# Bayesian Learning using Python

Abinash Panda (~abinashpanda)

# 31

### Introduction

• The aim of this workshop is to introduce users to the Bayesian approach of statistical modeling and analysis.
• In this workshop we would be covering
• Markov Chain Monte Carlo (MCMC). These methods are a class of algorithms for sampling from a probability distribution based on constructing a Markov chain.
• Probabilistic Graphical Models (PGMs). It is a technique of machine learning which uses a network structure of random variables and smaller conditional probability distributions to represent the Joint distribution over all the variables. Inference/prediction can be performed over these models by conditioning it over the given values and computing the conditional probability distribution.
• This talk mainly focuses on
• usage of `PyMC` for MCMC
• classification problems using Bayesian Models and how to work with them using `pgmpy`.

### Tutorial

• Introduction to SciPy stack

• Introduction to numpy
• Brief introduction to scipy
• Visualization using matplotlib
• Introduction to Probability Theory

• Basics of probability theory with hands-on excercise
• Bayesianist vs Frequentist
• Thinking like Bayesianist

• Bayes Theorem and hands-on excercise
• Introduction to Markov Chain Monte Carlo (MCMC)
• MCMC using PyMC
• Probabilistic Graphical Models (PGMs)

• Introduction to PGMs
• PGMs using pgmpy
• Creating models using pgmpy
• Parameterizing the model
• Asking questions to the model: Inference
• Special graphical models
• Naive Bayes Models
• Hidden Markov Models

### Take home Bonus

• How to compute optimal parameters for the models
• How to construct the network structure from the data if we don't have any domain knowledge.

#### Prerequisites:

• Basic knowledge of Python
• Knowledge of SciPy stack would be an added bonus (optional).

#### Content URLs:

• Initial draft of the presentation: http://nbviewer.ipython.org/github/pgmpy/pgmpy_notebook/blob/master/Probabilistic%20Graphical%20Models%20using%20pgmpy.ipynb
• PyMC: https://pymc-devs.github.io/pymc/
• Pgmpy: http://pgmpy.org
• Numpy: http://www.numpy.org/
• Scipy: http://docs.scipy.org/doc/scipy/reference/
• Matplotlib: http://matplotlib.org/index.html

#### Speaker Info:

Abinash Panda is an undergraduate from IIT (BHU) Varanasi and is currently working as a Data Scientist. He has been a contributor to open-source libraries such as Shogun Machine Learning Toolbox and pgmpy which he started writing along with four other members. He is spending most of his free time in improving pgmpy and helping new contributors.

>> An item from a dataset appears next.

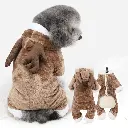 Pets.Love.Earth Fuzzy Elk Costume Brown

Ankur Ankan is a B.Tech graduate from IIT Varanasi who is currently working in the field of data science. He is an open source enthusiast and his major work includes starting pgmpy with four other members. Presently he is working on improving the performance of pgmpy and also mentoring GSoC students participating under pgmpy. In his free time he likes to participate in Kaggle competitions.